I’ve been meaning to go to Red Rooster up in Harlem since it opened last year. But somehow the trek uptown always seemed too daunting when it came down to it and I ended up eating at the usual suspects in my neighborhood – Freeman’s, Prune, Peels, Spitzer’s Corner – instead. So this past weekend I finally mustered the energy and resolve and set off with my cousin Diana on a journey to Manhattan’s hinterlands above 125th Street.
Red Rooster is the latest venture from Marcus Samuelsson, the half Ethiopian-half Swedish chef and entrepreneur who used to run Aquavit in midtown. Aquavit is a chic, rather staid and very refined restaurant so Red Rooster is a bit of an about face.
The restaurant is nestled in a block across from a big, boxy mall building advertising Marshall’s, Staples and Planet Fitness, around the corner from the requisite McDonald’s and Popeye’s, and, inexplicably, next door to a French bistro called Chez Lucienne.
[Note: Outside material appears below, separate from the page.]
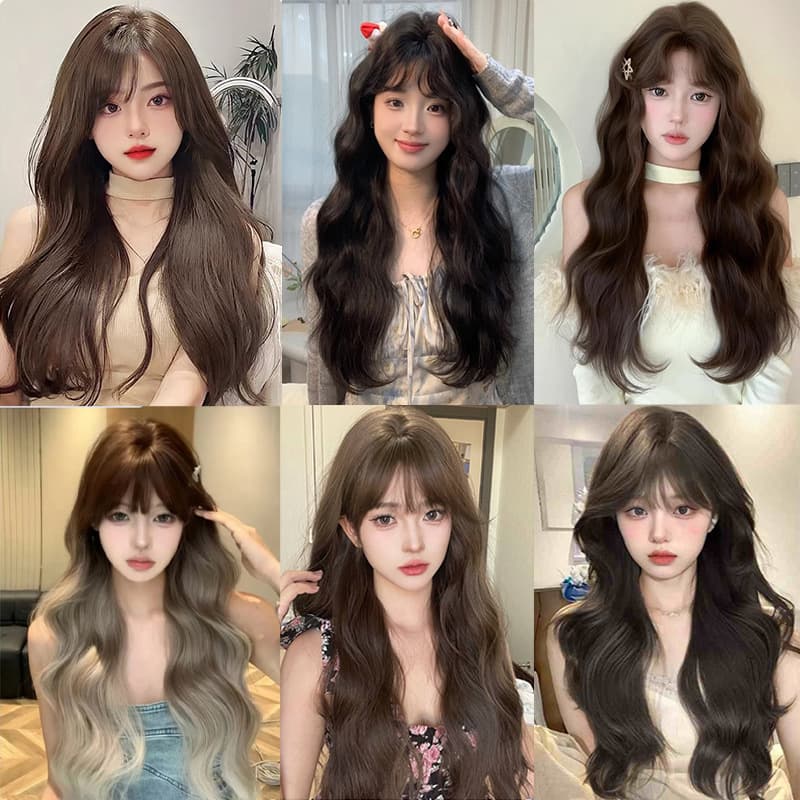 Women's Long Curly Wig Full Cap Natural Human Hair Fashionable Big Waves Collection Egg Roll Wig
Feeling a bit claustrophobic in the indoor dining room – which has the personality of a chain restaurant in a suburban mall (think Applebee’s or Ruby Tuesday’s), and on the day we visited featured too loud and slightly random live music – we opted for a table outside on the oversized sidewalk.
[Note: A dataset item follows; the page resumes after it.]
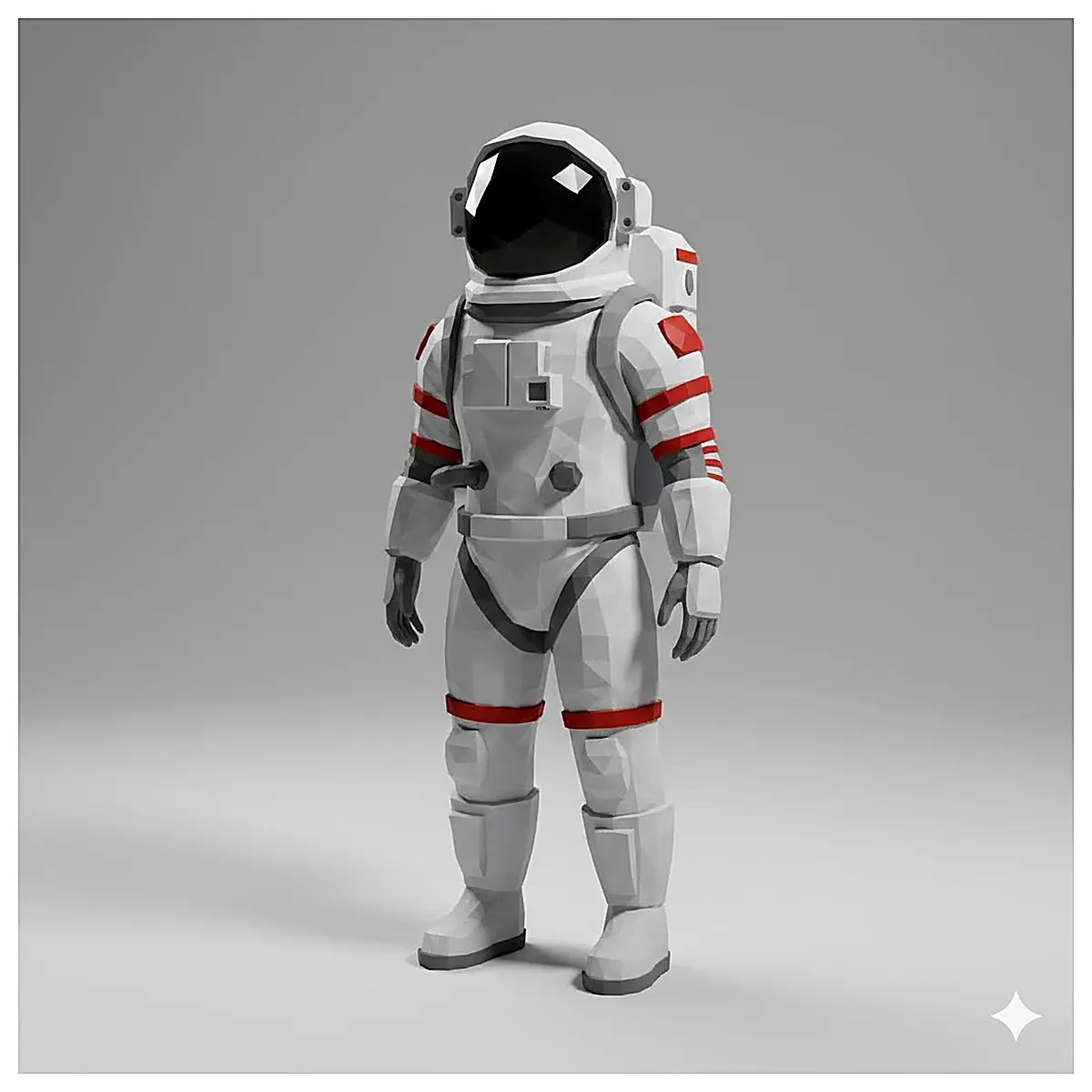 Low Poly Astronaut Model 3D Print Toy Figure Roleplay Accessories Collection Display Scene Decoration Character Model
We then devoted our full attention to the menu, which is a mish mash of Southern American and Swedish comfort food. We mostly stuck to the American side of things, except Diana’s Lenox Smörgåsborg which came with Serrano ham, gravlax and a smoked trout bagel. I chose the Fried Yard Bird (aka chicken), served with white gravy, some spicy red sauce and “shake”, a mixture of spices that arrived at the table in a do it yourself canister. The chicken was very fried – I would have preferred a little more soft crunch and a little less burnt.
We fared better with our sides: Mac and Greens came in a small cast iron dish with big macaroni baked in three kinds of cheese and topped with crunchy bread crumbs. And the cornbread with honey butter and tomato jam was moist and delicious.
All in all the food was okay, but not worth the hour long trip from downtown. In future, I’ll be sticking a big closer to home … At least for comfort food brunch.